◆ TASK DESCRIPTION
From the entries that follow, reproduce exactly and only the lines from the line with "Vorderes Coverbild Monschau" to the line with "Newray polaris rzr 4 turbo - rzr, xp", endpoints included.
====== DATA ======
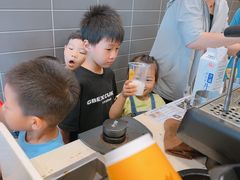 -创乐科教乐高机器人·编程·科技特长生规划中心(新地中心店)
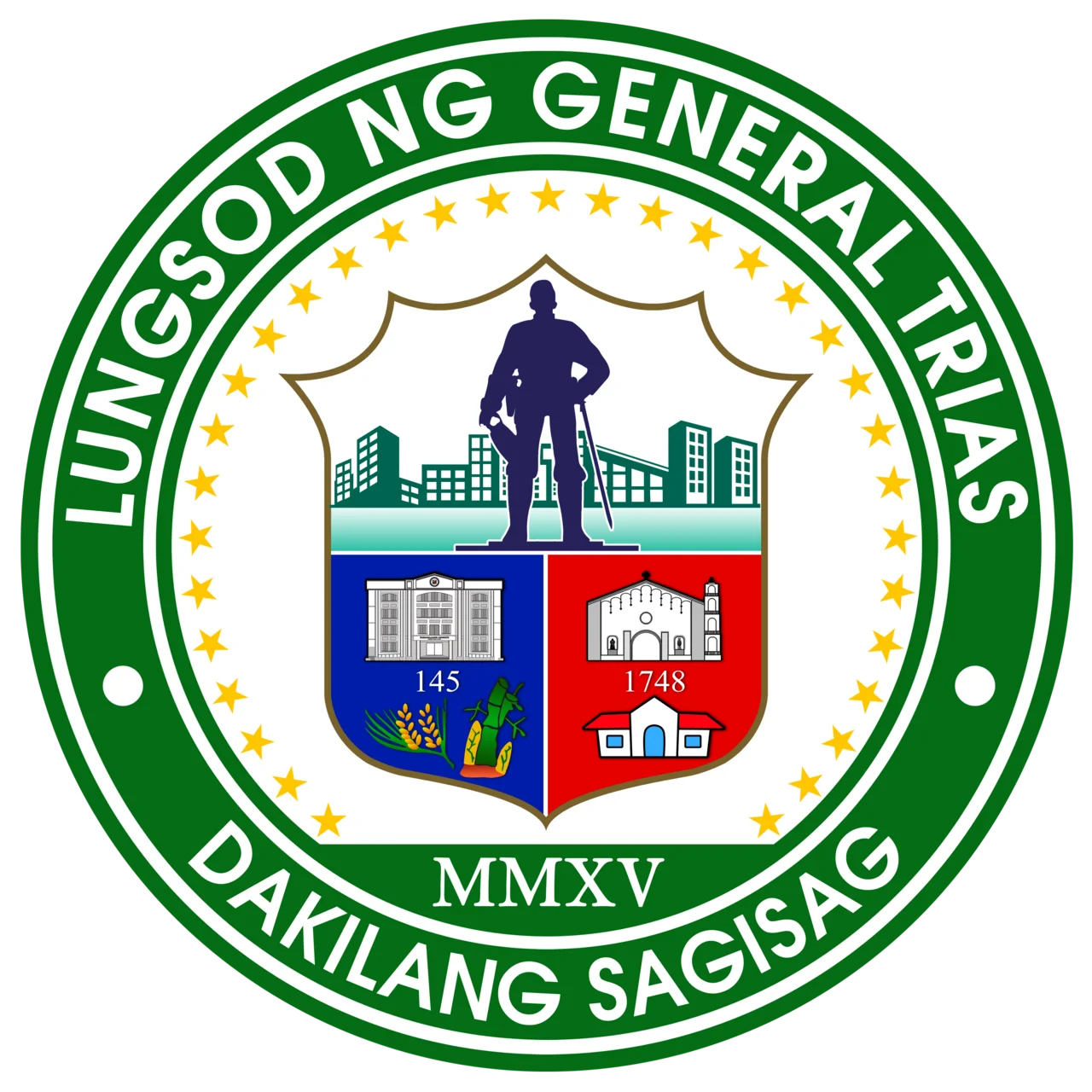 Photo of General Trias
======
====== DATA ======
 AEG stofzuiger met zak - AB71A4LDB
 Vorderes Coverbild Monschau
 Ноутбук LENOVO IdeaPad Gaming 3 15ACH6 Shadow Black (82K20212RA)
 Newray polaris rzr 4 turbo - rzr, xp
======
====== DATA ======
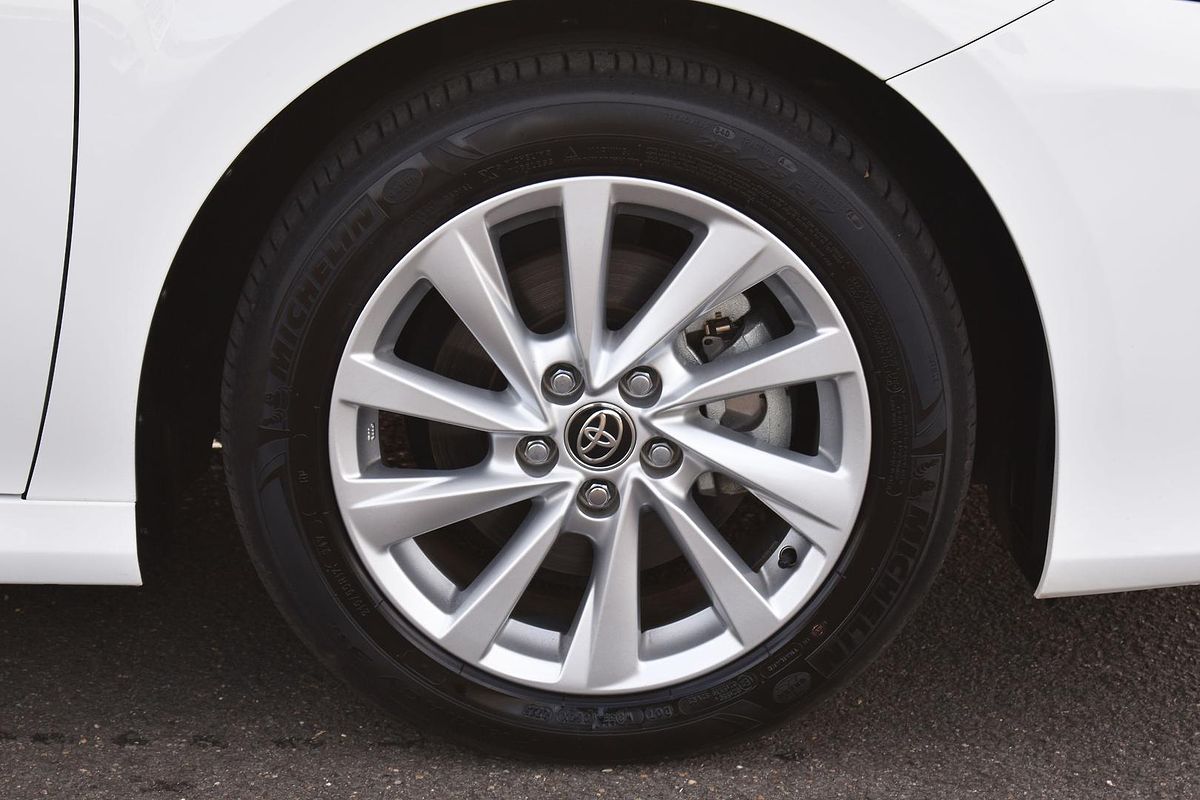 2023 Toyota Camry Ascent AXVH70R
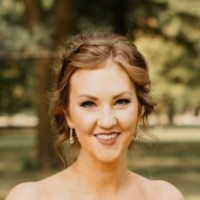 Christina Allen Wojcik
======
◆ RESULT
 Vorderes Coverbild Monschau
 Ноутбук LENOVO IdeaPad Gaming 3 15ACH6 Shadow Black (82K20212RA)
 Newray polaris rzr 4 turbo - rzr, xp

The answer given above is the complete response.